» Records to use:

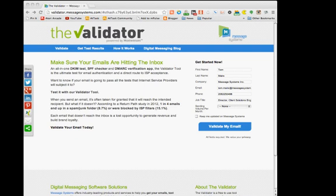The Message Systems Validator runs a series of tests to determine the deliverability quality of your email and is a valuable tool for seeing whether or not the messages you send will actually be delivered to your customers.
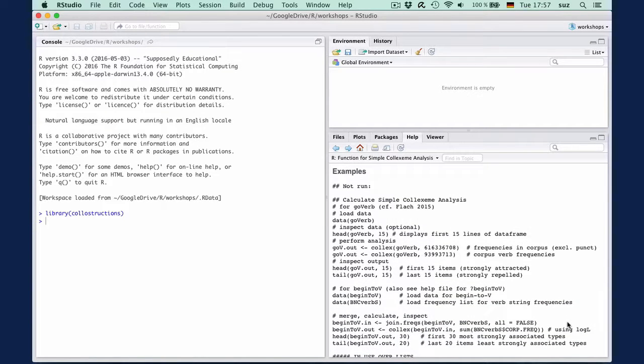References contain literature suggestions, usually those underlying the method implemented. At the bottom we see some examples on how to use the function, and we will run a few of them in the next clip.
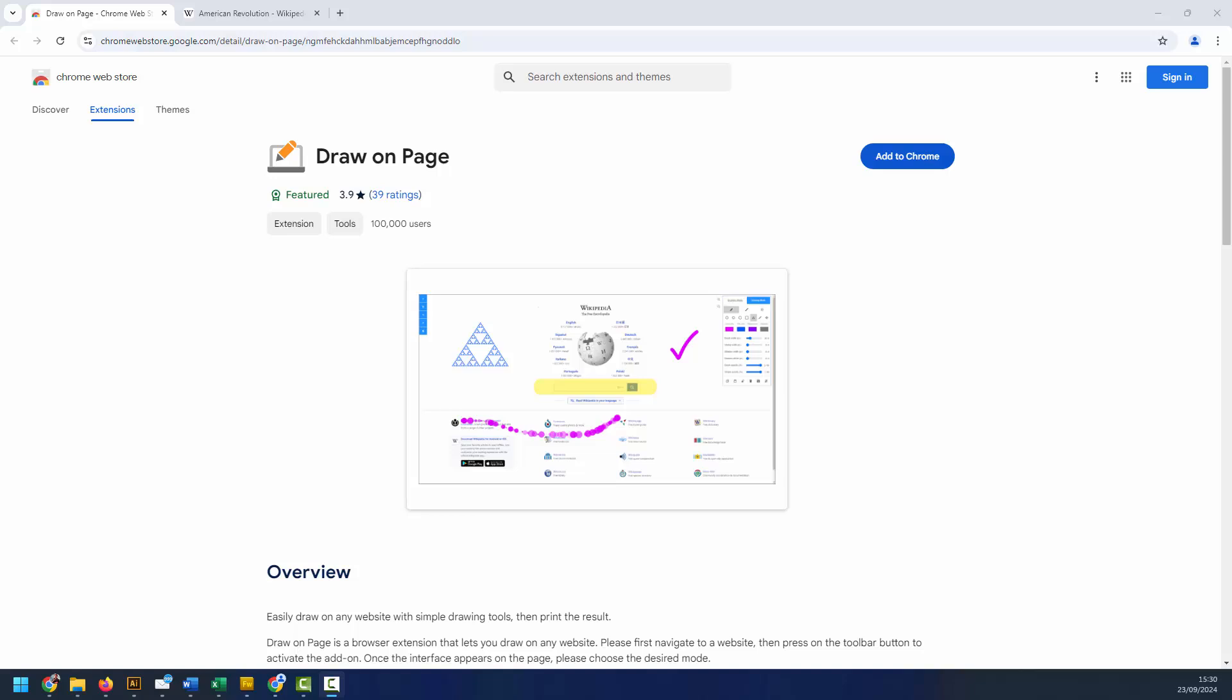The Draw on Page extension allows us to easily draw on any website with simple drawing tools and print the result as well as taking an image snapshot.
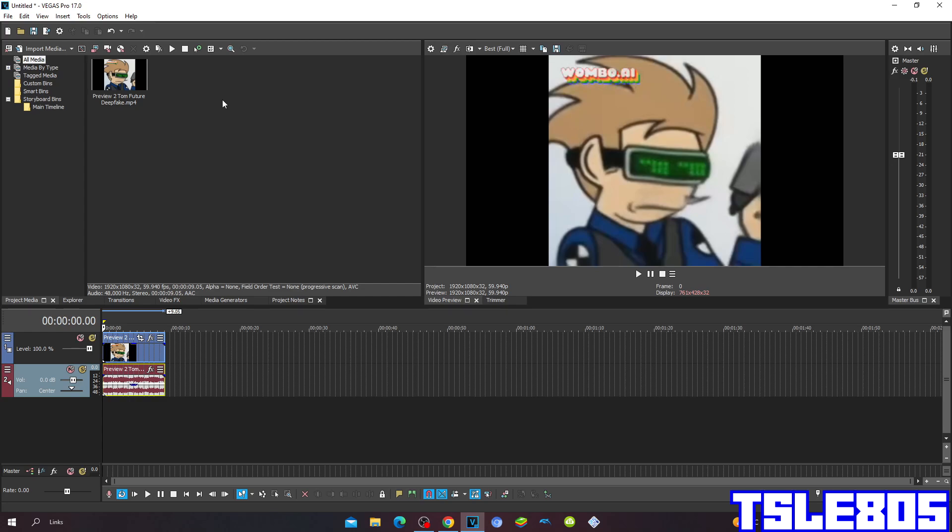So for this tutorial you of course need a source, which is right here, and of course need Vegas. It can be old versions like 17, 16, 15, 14, 13, etc.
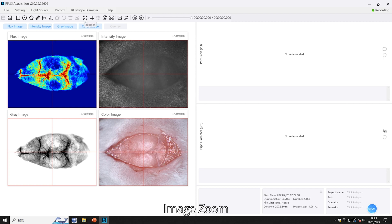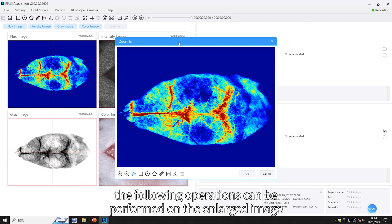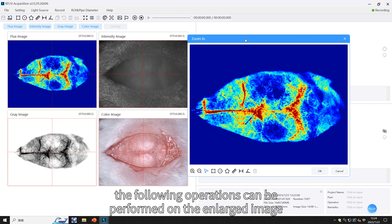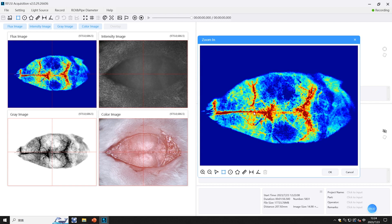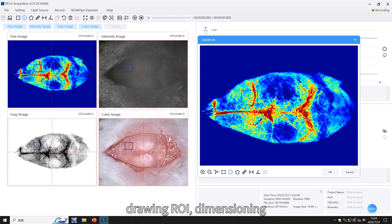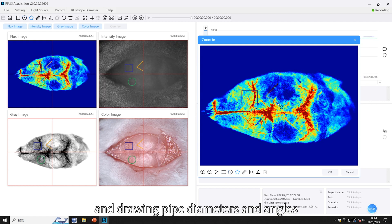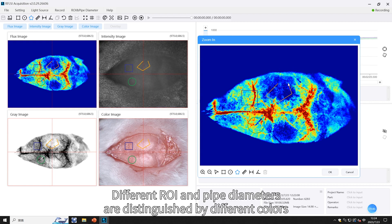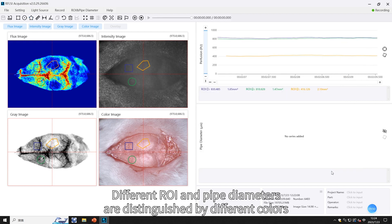Image zoom allows you to zoom in on the image in any one view. On the enlarged image you can perform the following operations: zooming in and out, drawing ROIs, dimensioning, and drawing pipe diameters and angles.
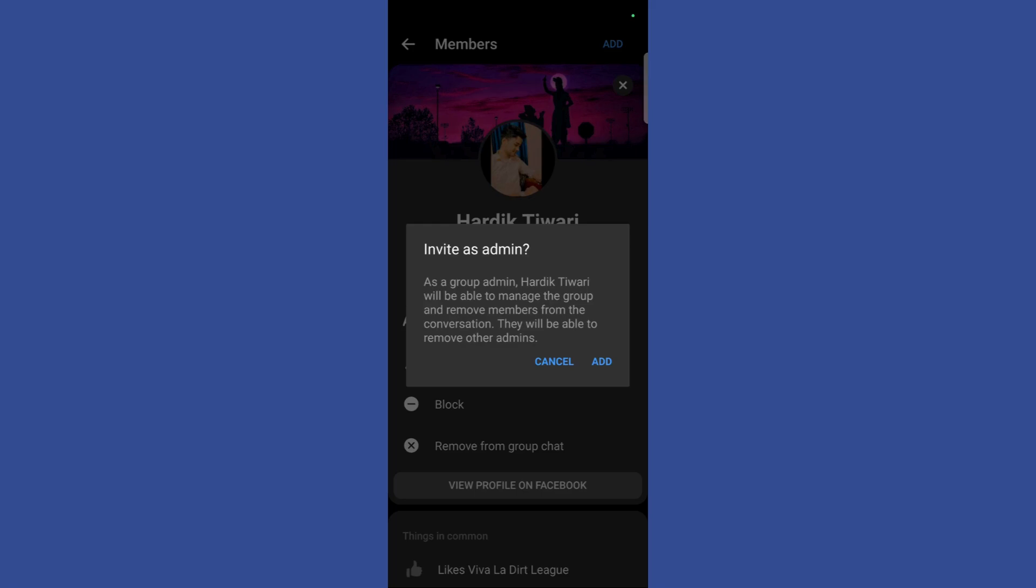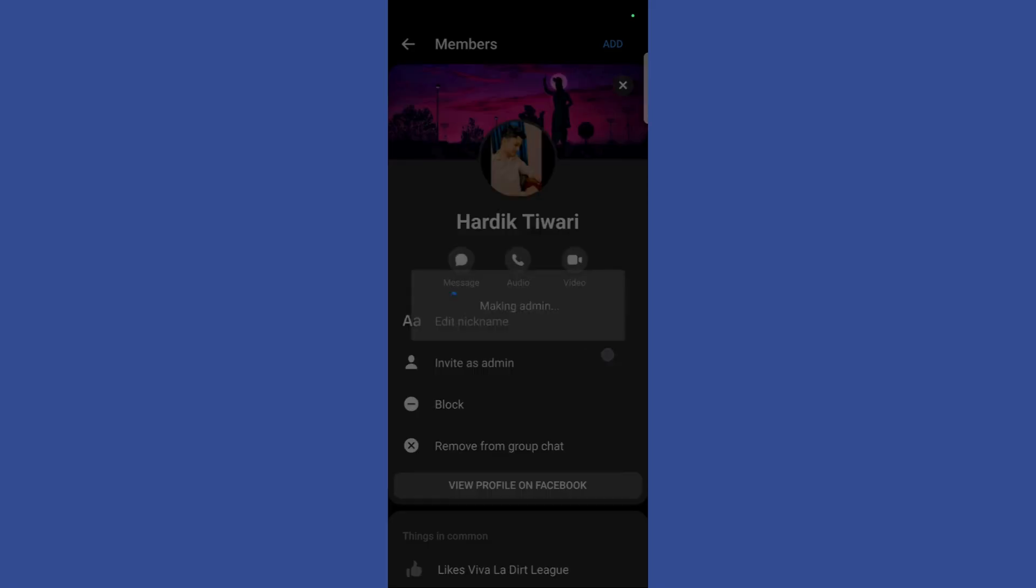it will give me a pop up which says as a group admin, the following account will be able to manage the group and remove members from the conversation as well. They will be able to remove other admins as well. So if you want to proceed, simply click on this add button.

» Directions: All that is wanted is each line, word for word, from the first line of the data to the one holding "References contain literature", with the pictures left out.

» Result:
The Message Systems Validator runs a series of tests to determine the deliverability quality of your email and is a valuable tool for seeing whether or not the messages you send will actually be delivered to your customers.
References contain literature suggestions, usually those underlying the method implemented. At the bottom we see some examples on how to use the function, and we will run a few of them in the next clip.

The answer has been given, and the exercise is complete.